Page MenuHomePhabricator

Content-Type for JavaScript through ResourceLoader doesn't specify a charset
Closed, ResolvedPublic

Description

When requesting a page such as http://bits.wikimedia.org/fr.wikipedia.org/load.php?debug=true&lang=fr&modules=site&only=scripts currently, the Content-Type is "text/javascript". It should be "text/javascript; charset=utf-8".


Version: unspecified
Severity: minor
URL: http://bits.wikimedia.org/fr.wikipedia.org/load.php?debug=true&lang=fr&modules=site&only=scripts

Details

Reference
bz28208

Event Timeline

bzimport raised the priority of this task from to High.Nov 21 2014, 11:31 PM
bzimport set Reference to bz28208.

does this actually cause anyone problems?

Daniel Friesen helpfully pointed out that the URL itself demonstrates the problem.

Created attachment 8359
Sets character set to UTF-8 within the HTTP header's Content-Type field.

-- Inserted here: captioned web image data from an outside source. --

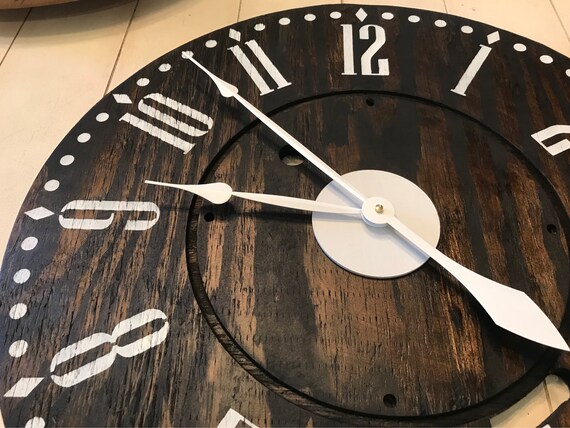 Oversized Wall Clock Large Farmhouse Big - Images Of Big Wall Clocks Oversized Wall Clock Large Farmhouse Big - Images Of Big Wall Clocks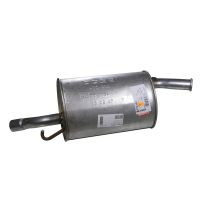 Tłumik tylny Bj,91>95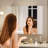 Evonna 31.5'' W 23.62'' H Wall Mounted Required Framed Medicine Cabinet Mirror 3 Adjustable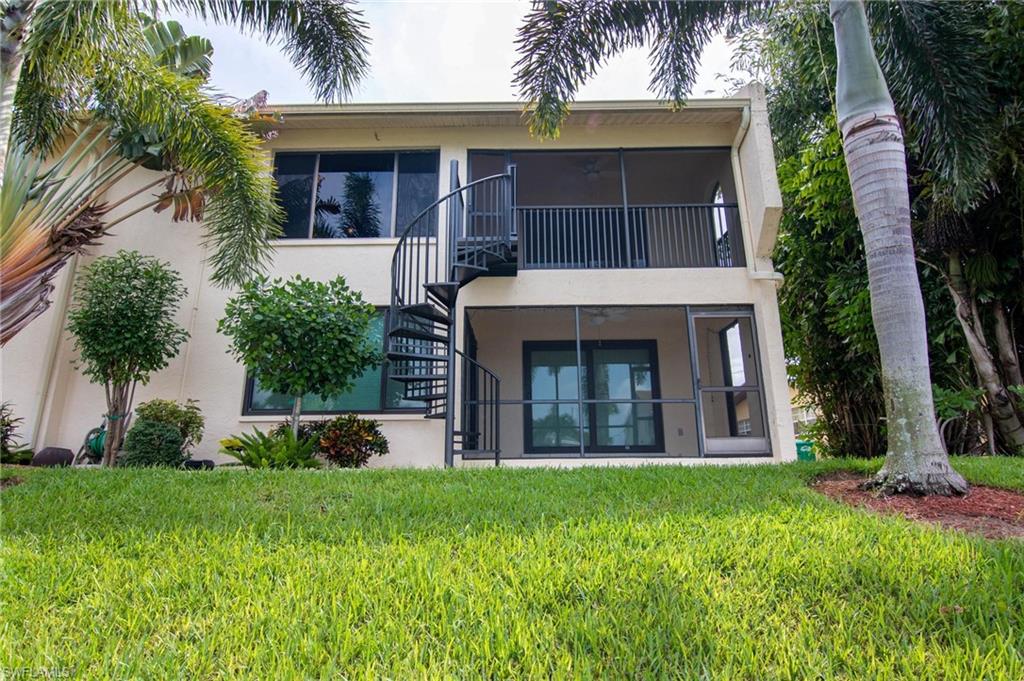 LA PALAPA CONDO - Residential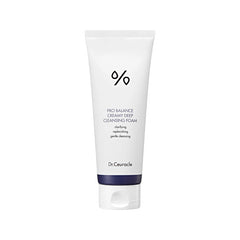 Pro Balance Creamy Deep Cleansing Foam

Here's a patch that will do the trick. I would have applied it, but I wanted to get some input on one concern.

Should we really be assuming that the JavaScript and CSS content is UTF-8? Should we be detecting the encoding and using that? What happens when we are combining multiple encodings into a single response? Should we convert everything to UTF-8?

I'm looking for some opinions, especially those based in experience with handling text encoding within MediaWiki.

Attached:

Everything in MediaWiki is UTF-8 nowdays (including the source files). I'd say go for it.